Lila Rose, president and founder of Live Action, said it’s “heartbreakingly wrong” that Vance and Trump support making abortion pills accessible, urging them to change their positions. (It’s worth noting, though, that there are major conservative forces at play seeking to roll back access to mifepristone: Project 2025, an initiative led by dozens of conservative groups and spearheaded by the Heritage Foundation, has said “the Department of Justice in the next conservative administration should therefore announce its intent to enforce federal law against providers and distributors of [abortion] pills.”)

The Biden-Harris campaign seized on Vance’s history in their reaction to the news, with campaign chair Jen O’Malley Dillon alleging Vance would “make it his mission to enact Trump’s Project 2025 agenda at the expense of American families,” including by supporting “banning abortion nationwide while criticizing exceptions for rape and incest survivors.”

For abortion rights supporters, Vance’s record is, indeed, frightening. “Donald Trump selecting J. D. Vance as his pick for vice president provides even more evidence that a Trump administration will stop at nothing to ban all abortion,” Reproductive Freedom For All said in a statement.
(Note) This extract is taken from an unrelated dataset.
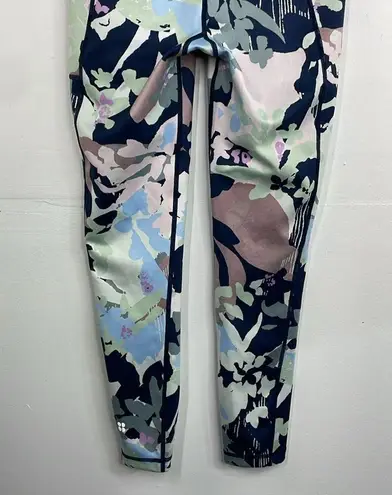 Sweaty Betty  Super Sculpt 7/8 Length Floral Print Leggings size 6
But it’s also worth remembering Vance also has a strong track record of changing with the political winds—remember, this is the man who once called Trump “cultural heroin,” “reprehensible,” and “a cynical asshole…or America’s Hitler.”

“His views seem to evolve pretty quickly as the politics requires them to,” Mary Ziegler, a leading abortion historian and law professor at the University of California, Davis, told me today. And with most Americans supporting abortion rights and opposing the Dobbs decision, and Trump trying to distance himself from Dobbs’ consequences, don’t be surprised if he and his new running mate try to promote a “softened” stance on abortion—just don’t believe them.

Correction, July 16: An earlier version of this article misstated the year when Vance made comments comparing abortion to slavery.

Update, July 17: This article has been updated to include recent comments by Vance in an interview with CBS.

Update, July 19: This article has been updated to include context about Vance’s previously articulated support for using the Comstock Act to criminalize “mail-order abortion operations.”